The present tumor-microenvironment analysis was divided into three main correlation analyses: (1) between target genes and immune-cell subtypes, (2) between target genes and stromal- and immune-cell infiltration, and (3) between target genes and cancer stem cells (CSCs). There are six types of immune-cell infiltration in human tumors: C1 (wound healing), C2 (IFN-γ dominant), C3 (inflammatory), C4 (lymphocyte depleted), C5 (immunologically quiet), and C6 (TGF-β dominant) [64]. These different immune-cell subtypes are closely related to prognoses and may provide clues for the development of future immunotherapies [65]. We first analyzed the relationship between different immune-cell subtypes and overall patient survival. In order to understand the relationship between the gene members of the TXNRD and GPX families and immune-system components, we analyzed the relationship between the gene expression levels and immune-cell subtypes in TCGA pan-cancer data. The stromal- and immune-cell scores calculated using the ESTIMATE algorithm were used to assess the level of invasion of stromal and immune cells in different tumor types [66, 67]. This analysis was based on the interpretation of gene expression profiles retrieved from TCGA expression data (http://bioinformatics.mdanderson.org/estimate/). Cancer progression is often accompanied by the gradual loss of cell differentiation phenotypes and the acquisition of progenitor and stem-like characteristics, which in this study were measured based on RNAss and DNAss [20].

Drug sensitivity analysis

We also investigated the correlation between transcript expression level of GPX and TXNRD genes and drug sensitivity. The NCI-60 is a panel of 60 human cancer cell lines used by the Developmental Therapeutics Program (DTP) of the U.S. National Cancer Institute to screen > 100,000 compounds plus natural products since 1990 [68, 69]. The NCI-60 database contains information on 60 different cancer cell lines related to 9 different tumor types. Nci-60 data have been widely used in cancer-related research and bioinformatics analysis, and have been widely recognized [70]. More detailed information about the NCI-60 data can be obtained from previous studies [71, 72]. CellMiner is a free tool that enables researchers to query NCI-60 data via the Web, including DNA,RNA, proteins and multiple molecular characterization at the pharmacological level [72] (https://discover.nci.nih.gov/cellminer/). In present study, the retrieved data of 60 cell lines including the GPX and TXNRD mRNA expression levels and z scores for cell sensitivity data (GI50) were downloaded from the CellMiner. The drug response of 262 FDA approved or drugs on clinical trials were used in the correlation analysis.

Statistical analyses

The Wilcoxon rank-sum test was used to compare gene expression levels between the normal and tumor samples. The expression levels of different genes in different tumor types are presented using box plots. ANOVA was used to test the relationships between gene expression and immune-cell subtypes. The correlations of gene expression with the stromal-cell score, immune-cell score, stemness score, and drug sensitivity were measured using Spearman correlation. To reduce the likelihood of false positives in the correlation analysis, we used α = 0.05 as the examination standard [73].

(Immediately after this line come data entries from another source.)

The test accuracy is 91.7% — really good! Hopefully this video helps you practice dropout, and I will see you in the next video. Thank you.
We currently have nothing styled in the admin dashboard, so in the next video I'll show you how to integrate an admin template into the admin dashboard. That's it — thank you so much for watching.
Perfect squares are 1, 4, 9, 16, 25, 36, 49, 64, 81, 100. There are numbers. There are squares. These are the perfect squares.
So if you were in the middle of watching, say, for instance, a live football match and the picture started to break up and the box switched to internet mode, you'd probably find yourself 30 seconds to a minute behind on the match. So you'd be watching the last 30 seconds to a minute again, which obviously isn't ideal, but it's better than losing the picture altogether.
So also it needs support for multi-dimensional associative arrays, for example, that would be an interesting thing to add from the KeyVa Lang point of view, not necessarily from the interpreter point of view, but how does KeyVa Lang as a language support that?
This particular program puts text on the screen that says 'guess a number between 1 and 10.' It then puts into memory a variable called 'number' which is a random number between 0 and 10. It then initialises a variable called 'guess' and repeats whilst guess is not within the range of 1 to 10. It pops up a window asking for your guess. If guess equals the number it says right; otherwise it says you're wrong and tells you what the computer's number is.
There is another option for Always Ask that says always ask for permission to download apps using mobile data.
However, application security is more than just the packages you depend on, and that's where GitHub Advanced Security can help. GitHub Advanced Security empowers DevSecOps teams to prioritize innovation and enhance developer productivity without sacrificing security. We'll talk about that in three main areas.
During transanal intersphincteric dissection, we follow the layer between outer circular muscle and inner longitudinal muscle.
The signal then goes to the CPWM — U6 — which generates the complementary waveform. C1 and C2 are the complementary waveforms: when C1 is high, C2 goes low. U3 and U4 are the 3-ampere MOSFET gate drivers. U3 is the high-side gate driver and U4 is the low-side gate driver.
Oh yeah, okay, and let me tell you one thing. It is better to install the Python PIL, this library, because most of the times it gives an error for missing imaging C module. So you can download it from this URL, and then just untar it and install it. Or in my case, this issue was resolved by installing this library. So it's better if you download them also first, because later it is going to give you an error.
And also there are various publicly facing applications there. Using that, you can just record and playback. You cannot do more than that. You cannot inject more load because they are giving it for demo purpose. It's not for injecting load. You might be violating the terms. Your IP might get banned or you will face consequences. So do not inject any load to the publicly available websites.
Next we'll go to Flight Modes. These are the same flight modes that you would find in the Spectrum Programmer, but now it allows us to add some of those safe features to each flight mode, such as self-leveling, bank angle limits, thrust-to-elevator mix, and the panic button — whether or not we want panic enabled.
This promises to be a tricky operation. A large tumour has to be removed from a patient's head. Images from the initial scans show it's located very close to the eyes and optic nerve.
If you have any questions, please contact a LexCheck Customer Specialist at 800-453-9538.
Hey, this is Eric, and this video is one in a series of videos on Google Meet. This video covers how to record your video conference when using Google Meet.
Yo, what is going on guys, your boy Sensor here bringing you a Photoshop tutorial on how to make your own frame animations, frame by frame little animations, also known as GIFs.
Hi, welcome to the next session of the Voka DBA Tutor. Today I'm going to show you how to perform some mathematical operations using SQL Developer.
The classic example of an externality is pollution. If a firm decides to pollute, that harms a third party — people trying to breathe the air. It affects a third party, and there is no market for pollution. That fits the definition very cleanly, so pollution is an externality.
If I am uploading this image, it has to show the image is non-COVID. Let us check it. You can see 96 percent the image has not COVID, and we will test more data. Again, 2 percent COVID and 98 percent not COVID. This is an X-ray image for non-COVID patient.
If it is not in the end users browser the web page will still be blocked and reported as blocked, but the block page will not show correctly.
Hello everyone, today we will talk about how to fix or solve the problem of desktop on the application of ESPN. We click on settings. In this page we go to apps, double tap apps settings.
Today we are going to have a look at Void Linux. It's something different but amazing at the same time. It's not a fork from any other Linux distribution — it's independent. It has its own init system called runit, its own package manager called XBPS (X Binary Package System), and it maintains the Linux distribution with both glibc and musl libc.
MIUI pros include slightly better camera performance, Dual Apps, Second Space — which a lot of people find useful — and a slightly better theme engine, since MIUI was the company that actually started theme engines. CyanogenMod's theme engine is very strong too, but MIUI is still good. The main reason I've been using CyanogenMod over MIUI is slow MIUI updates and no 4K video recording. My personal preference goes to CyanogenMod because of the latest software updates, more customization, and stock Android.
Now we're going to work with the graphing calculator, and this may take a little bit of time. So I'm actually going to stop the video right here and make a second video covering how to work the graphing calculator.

In the survival analysis, univariate Cox proportional-hazards models were used to analyze the relationship between the expression of each gene and overall survival in cancer patients, with the results obtained presented as forest plots. All statistical tests were two-sided, and p values of < 0.05 were considered statistically significant. All statistical analyses were performed using R software (version 3.5.1).